Starting from SLURM 22.05 SLURM supports both cgroups v1 and v2. When cgroups v1 is being used, SLURM might not contain accounting information in the cgroups.
cgroups v1
The following configuration will enable necessary cgroups controllers and provide the accounting information of the jobs when cgroups v1 is used.

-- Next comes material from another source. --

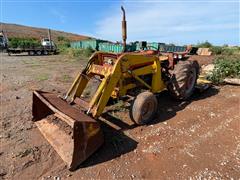 1971 Massey Ferguson 165 2WD Tractor W/Loader & Mower 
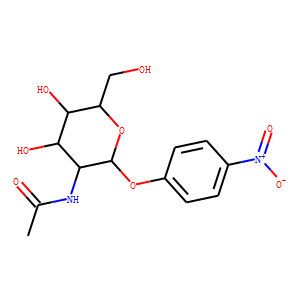 p-Nitrophenyl 2-Acetamido-2-deoxy-β-D-galactopyranoside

As stated in the cgroups docs of SLURM, cgroups plugin can be controlled by the configuration in this file. An example config is also provided which should be a good starting point.
Along the cgroups.conf
file, certain configuration parameters are required in the
slurm.conf
file as well. This is provided in the
SLURM docs as
well.
Although JobAcctGatherType=jobacct_gather/cgroup
is presented as optional
configuration parameter, it must be used to get the accounting information on CPU
usage. Without this configuration parameter, CPU time of the job will not be available
in the job's cgroups
Besides the above configuration, SelectTypeParameters
must be configured to set core or CPU and memory as consumable resources. This is
highlighted in the documentation of ConstrainRAMSpace
configuration parameter in cgroups.conf
docs.
In conclusion, here are the excerpts of configuration needed:
# cgroups.conf
ConstrainCores=yes
ConstrainDevices=yes
ConstrainRAMSpace=yes
ConstrainSwapSpace=yes
# slurm.conf
ProctrackType=proctrack/cgroup
TaskPlugin=task/cgroup,task/affinity
JobAcctGatherType=jobacct_gather/cgroup
SelectType=select/con_tres
SelectTypeParameters=CR_CPU_Memory # or CR_Core_Memory
cgroups v2
In the case of cgroups v2, SLURM should create a proper cgroup for every job without any special configuration. However, the configuration presented for cgroups v1 is applicable for cgroups v2 and it is advised to use that configuration for cgroups v2 as well.
Libvirt
The libvirt collector is meant to be used for Openstack clusters. There is no special configuration needed as Openstack will take care of confirguring libvirt and QEMU to enable all relevant cgroup controllers.